Maurizio Homer è tornato . E con gli stessi amici di sempre tenta l’assalto alla città. Una masnada di nuovi servi alla baionetta per portare un pò d’acqua. Una banda di ignoranti perché in città tutto cambi e tutto resti come prima; un gruppo di disoccupati che la promessa di un posto che non c’è non si nega a nessuno; un gruppetto di disperati che neppure lo riconoscono. L’importante è stare con i vincenti almeno una volta. E lui soffre.
A fanculo i think thank e tutti i Dalmati. Fanculo il modello Teramo e i montatori seriali a spese pubbliche che li voteranno. Basta con i valori sbrodolati in ogni dove: ora l’esclusiva è del popolo della libertà e del loro leader, il satrapo Silvio. Governance che fine hai fatto? Tutte le puttanate che si inventava a colazione per coprire un dato semplice, che la città sprofondava, che fine hanno fatto ?
Povero Maurizio Homer. Del suo mondo antico non è rimasto nulla. Entra in sala. Si mette nell’angolino in fondo. Zitto zitto. La sua presenza è imbarazzante. E poi quell’odore forte di vasellina ancora così presente. Vorrebbe dire ma non parla. E tutti sono contenti. Perché se lui parlasse di gente a Castrogno ne finirebbe un bel pò. Che peccato. Che tristezza.
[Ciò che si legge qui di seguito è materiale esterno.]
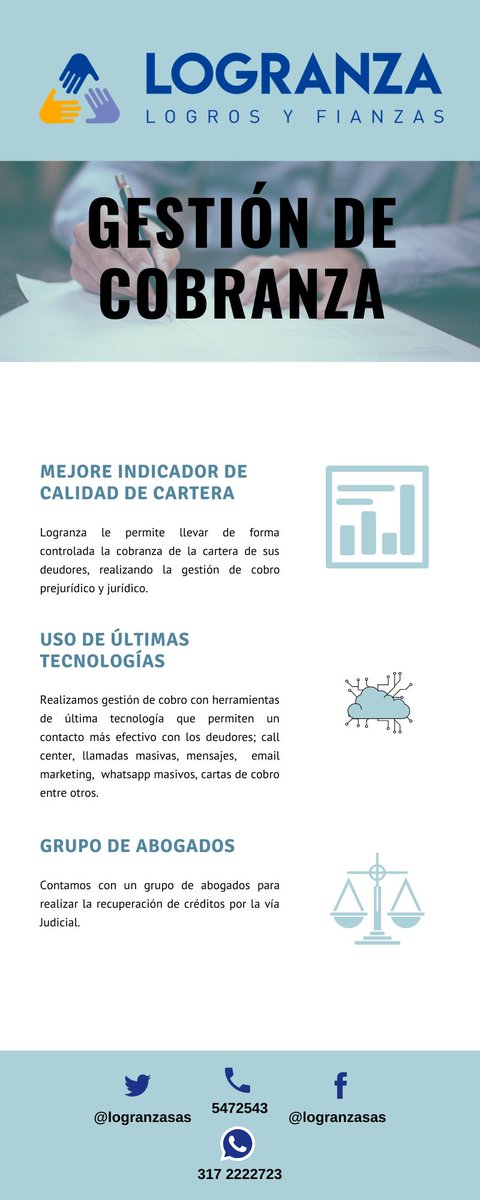 logranzasas's tweet photo. En Logranza, te podemos brindar todo lo que necesitas saber sobre gestión de cobranza. ¡COMUNÍCATE CON NOSOTROS! https://t.co/EwXsLM3stg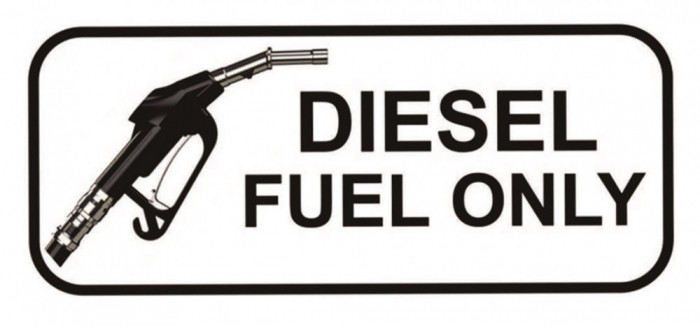 Abtibild &ldquo;Diesel Fuel Only&rdquo; 300923-30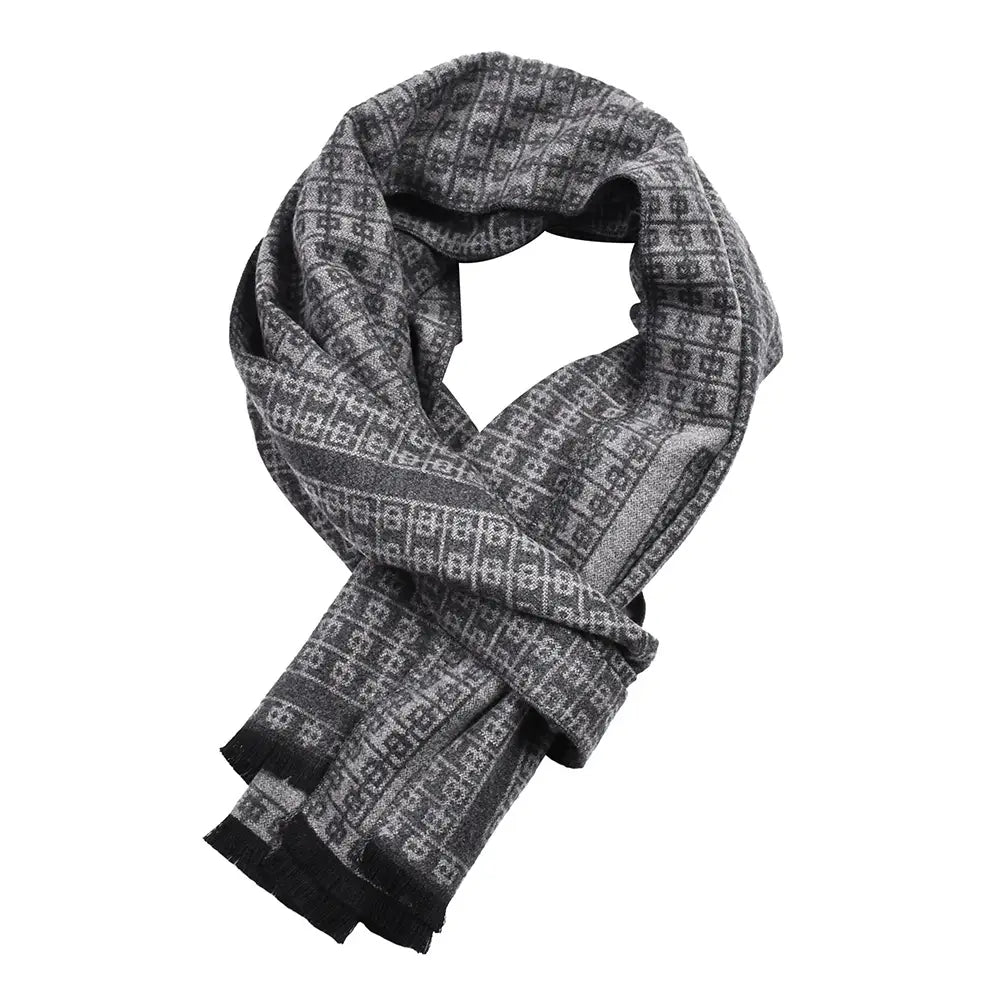 Double-sided Thick Warm Korean Men’s Knitted Scarf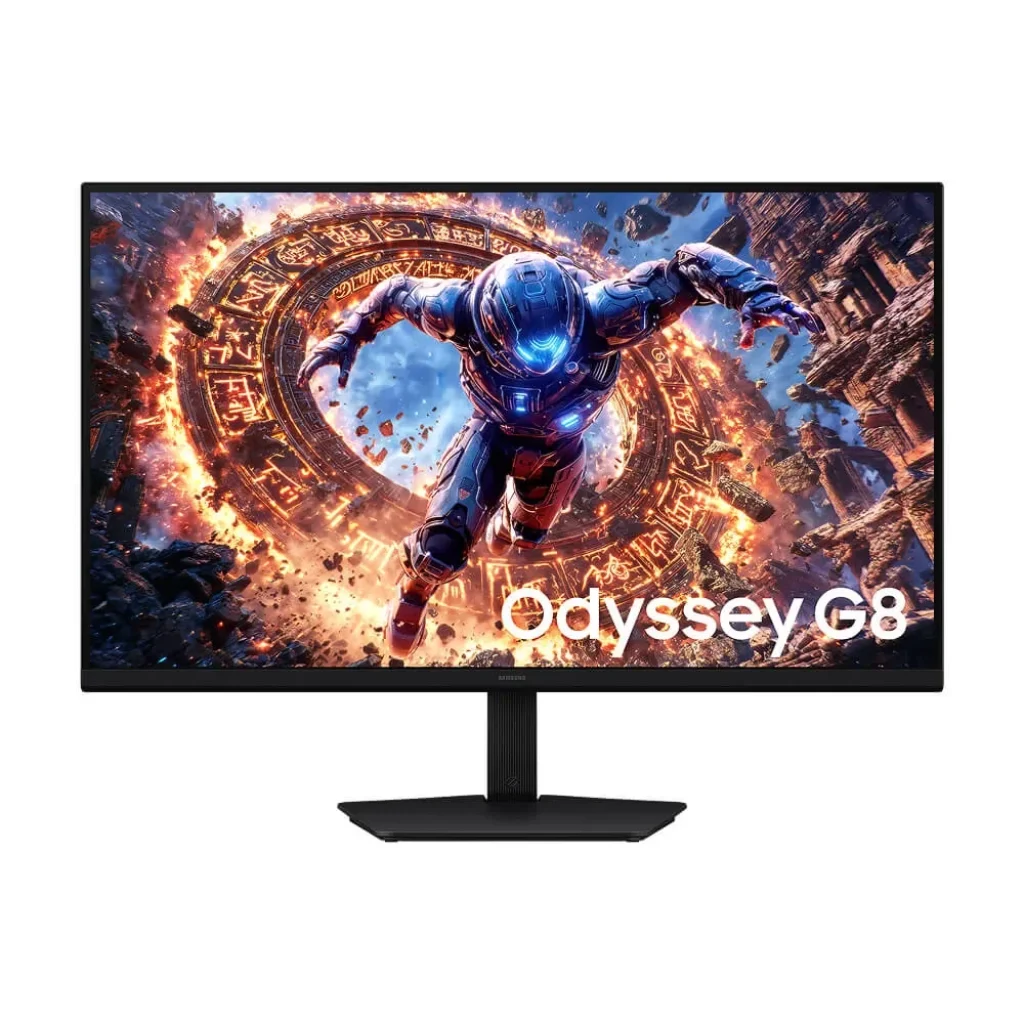 Monitor Gamer Samsung Odyssey G8 6K, 32" Dual Mode 6K/165Hz ou 3K/300Hz, 1ms, Fast IPS, G-SYNC, FreeSync Premium, DP, HDMI, Preto - LS32HG802ESXZD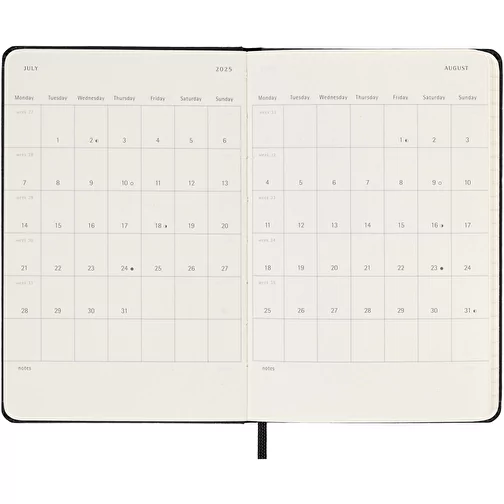 Moleskine hard cover 12 måneders vandret ugelommekalender, Billede 7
Oramai l’incontro sta per finire. Ed ecco il colpo di scena. Ecco l’abracadabra. Un vecchietto nostalgico del Duce si alza, lo guarda, è titubante, è commosso, stende le braccia al cielo, lo riconosce, va verso di lui, la gola è secca, è emozionato, piange ma grida, grida forte, grida forte forte “E’ lui, è Maurizio…aridatece er puzzone!”